As we eat, Walker shows our group three boomerangs of different shapes. To our surprise, he says there are more than 30 types of boomerangs found in Queensland alone, and only two or three styles are carved flat on one side and curved on the other so they return. Some are suitable for catching small animals such as bandicoots, goannas and possums; others are specifically made to snare wallabies. He then plays us tunes on a didgeridoo that sound like dingoes howling and kookaburras laughing and shows us how to check if it is authentic (“not made in Taiwan”) by feeling inside for termite tracks.
Just down the road at the southern end of Daintree National Park, the oldest surviving tropical rainforest in the world at 100 to 150 million years old, lies Mossman Gorge, where we take a Ngadiku Dreamtime Walk with indigenous guide Aaron Minniecon.
After a traditional welcome-to-country smoking ceremony, we follow the old hunting and gathering trail. Minniecon points out mossy red cedars used to carve dugout canoes and clubs and shields used in warfare. As we pass sacred areas, he calls to his ancestors to let them know we are friends. He shows us grinding stones beside the path that his ancestors used to crack nuts, and ochre, a natural earth pigment that comes in 18 colours ranging from yellow to brown and used as face paint for special occasions.
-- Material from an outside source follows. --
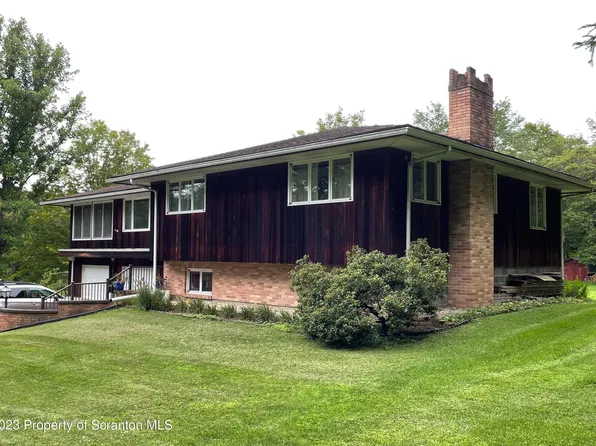 449 Creek Flats Rd, Falls, PA 18615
Art is integral to indigenous culture, and tropical north Queensland is dotted with cultural centres and galleries where artists come together to work and showcase their offerings. Many also display their work at the Cairns Indigenous Art Fair, held each July.
At Canopy Art Centre in Cairns we meet Glen Mackie, who retells the myths and legends of Yam Island in the Torres Strait, where he was born and raised, through vinyl cut prints. He says the island is known for warfare, dugong and turtle hunting and collecting shells.
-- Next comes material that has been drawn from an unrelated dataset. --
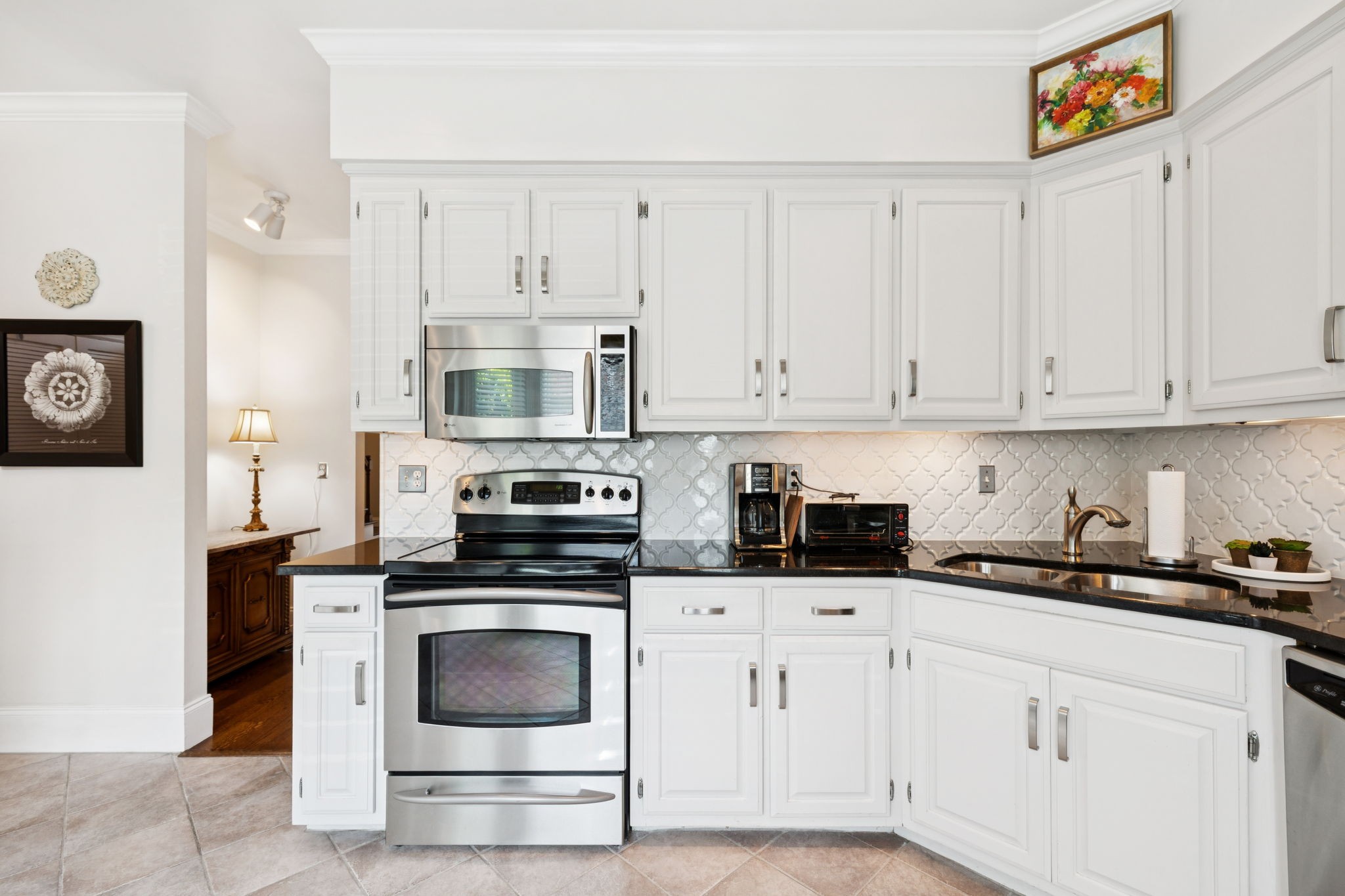 2014 Graybar Ln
“My grandfather taught me the carving design,” Mackie says. “He used to draw the designs in the sand when I was in primary school, and in high school he showed me how to carve on wood. Every design means something. This means crocodile, this is shark,” he continues, pointing to his works. “I use [those] designs because they’re my parents’ totems. I also make my own designs.”
Mackie moved to the mainland 15 years ago. “My Dad has a crayfish factory and store, but it wasn’t for me,” he says. “I’m the only artist from Yam Island and I saw it as my duty to educate people and tell them the story of where I’m from.”
His works are now exhibited at the National Gallery of Australia, National Museum of Australia and Queensland Art Gallery in Brisbane and his murals sell for up to $16,000, but he says he doesn’t care about the money.
“I’d rather educate people about my culture.”
DRESSED FOR THE DANCE
Dust swirls as dancers, glistening with sweat, stomp their feet on the dry, brown earth to the banging of clapsticks and drone of the didgeridoo.
Children in traditional costumes, their faces painted with ochre, stand on the side, eyes wide and mouths agape, watching as they await their turn. Elderly ladies, their faces swirled with white, sit on plastic chairs in a row clapping, whistling and laughing raucously as their families perform.
Over three days, dancers young and old from 20 Cape York communities take to the stage to enact their stories at the Laura Aboriginal Dance Festival.
Some wear elaborate headdresses, others simple loincloths, their skin painted with hand-prints. Some perform traditional hunting dances, prancing with spears poised in time to the beat. Others hold their arms out to the side and soar like eagles across the festival ground.
An elder in a bright orange T-shirt emblazoned with the word Hawaii is so moved by the performance she kicks off her shoes and joins in, promptly stealing the show.
Children in the audience mimic the dancers, and it fills me with hope to see indigenous culture being so enthusiastically preserved and passed on to the next generation.
CHECKLIST
Walkabout Cultural Adventures offers small-group, half-day tours for $165 a person or full-day tours for $209 a person, with pick-up from Port Douglas, Mossman and Daintree Village.
Ngadiku Dreamtime Walks at Mossman Gorge depart daily; $68 for adults and $35 for children 5-15 years; mossmangorge.com.au.